- Court: Employment Appeal Tribunal
- Decided: 29 November 2006
- Citation: [2007] IRLR 175, [2007] ICR 616, [2006] UKEAT 0494_06_2911

= Cairns v Visteon UK Ltd =

United Kingdom court case about labour law

Cairns v Visteon UK Ltd (2006) is a United Kingdom labour law case, regarding the scope of protection available to agency workers.*

==Facts==
An assistant manager of 7 years with Visteon UK Ltd, Ms Cairns became an agency worker for the four most recent years through an agency named ‘MSX’. She was dismissed for allegedly falsifying her time sheets. The agency did investigations and cleared her, but Ms Cairns was not allowed back to work. The agency gave her pay in lieu of notice and redundancy.
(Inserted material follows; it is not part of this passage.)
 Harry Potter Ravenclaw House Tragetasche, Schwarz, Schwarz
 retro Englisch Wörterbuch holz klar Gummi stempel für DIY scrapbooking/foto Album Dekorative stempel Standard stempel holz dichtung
But she wanted compensation for unfair dismissal and brought a claim to the tribunal.

==Judgment==
Judge Peter Clark held that Ms Cairns was not an "employee" under ERA 1996 s 230, and therefore could not bring an unfair dismissal claim. Doubting dicta in Dacas v Brook Street Bureau (UK) Ltd by Sedley LJ he insisted there was different policy behind ERA 1996 Part 10 to that of tort law, and there was "no good policy reason for extending that protection to a second parallel employer."